### PROVIDED DATA
----

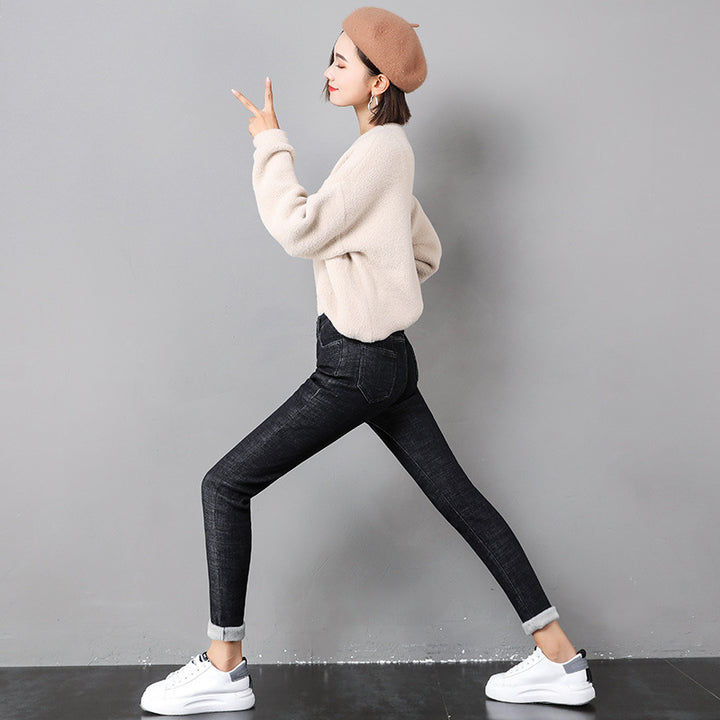 Kvinne i fôrede skinny jeans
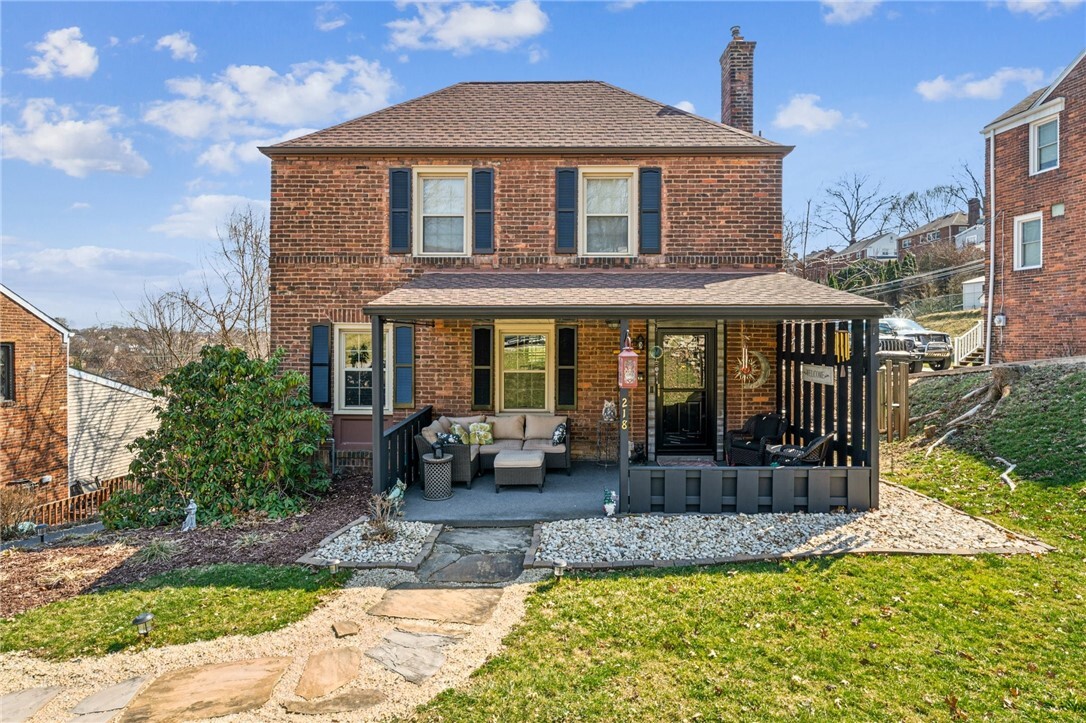 218 Constitution Drive  Pleasant Hills PA 15236 photo
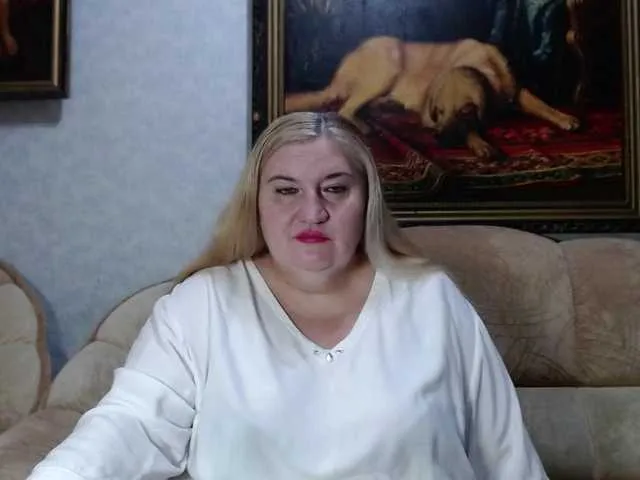 Live sex webcam photo for VishenkaStar #291569393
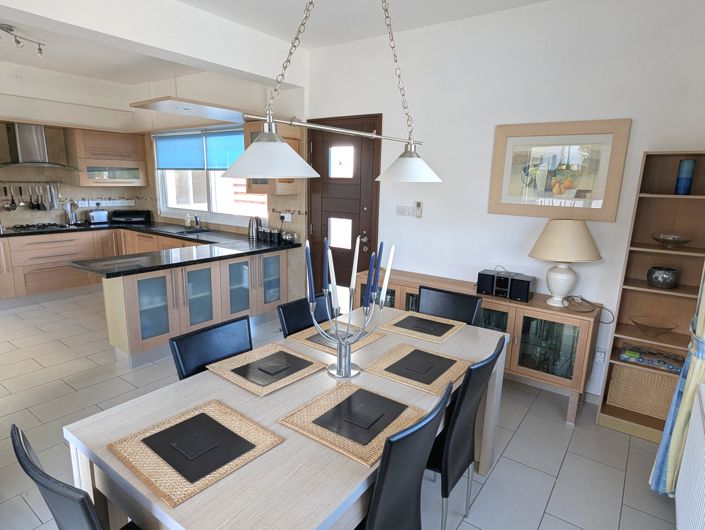 Image No.48-4 Bed Property for sale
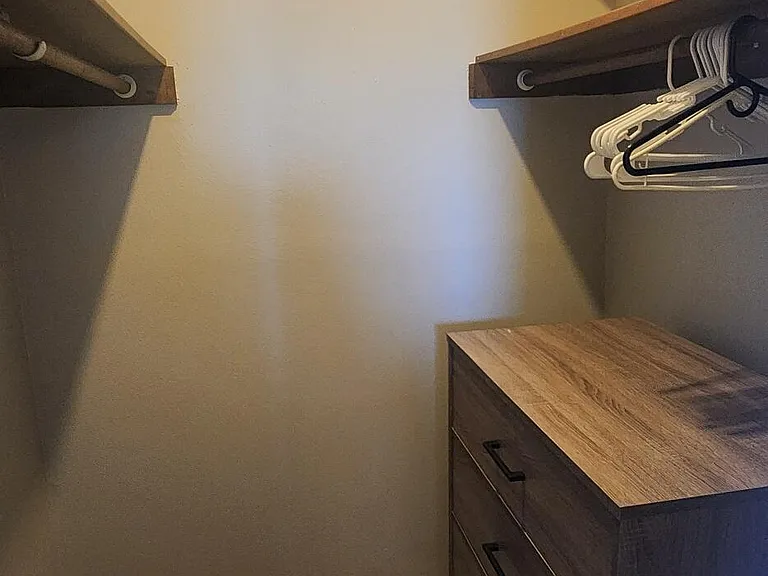 8208 Presidential Ct — Photo 29
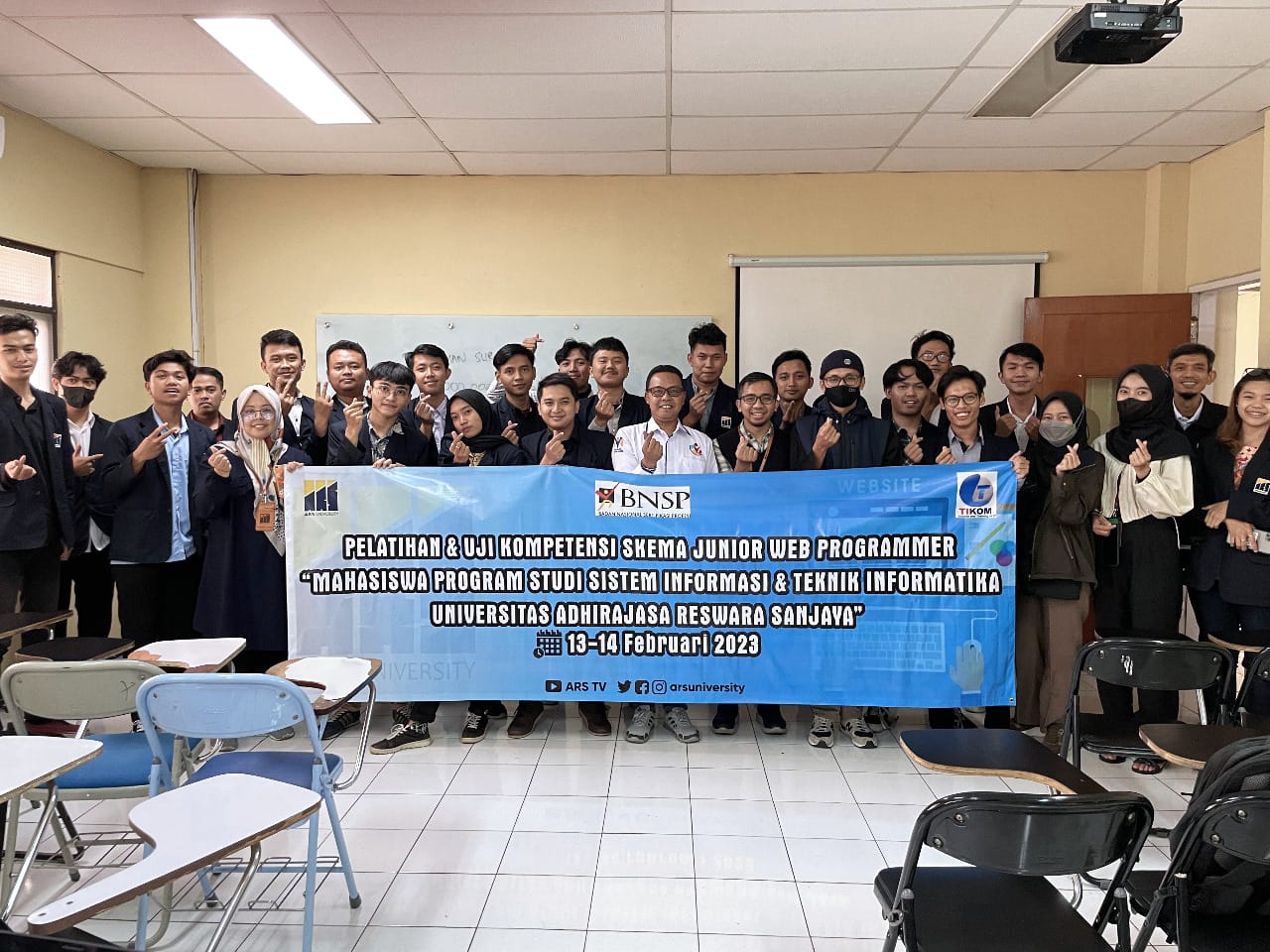 Sertifikasi Uji Kompetensi Junior Web Programmer 150223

----

### WORK TO BE COMPLETED
Repeat all the material above exactly, apart from the pictures.

### REPLY TO THE TASK
 Kvinne i fôrede skinny jeans
 218 Constitution Drive  Pleasant Hills PA 15236 photo
 Live sex webcam photo for VishenkaStar #291569393
 Image No.48-4 Bed Property for sale
 8208 Presidential Ct — Photo 29
 Sertifikasi Uji Kompetensi Junior Web Programmer 150223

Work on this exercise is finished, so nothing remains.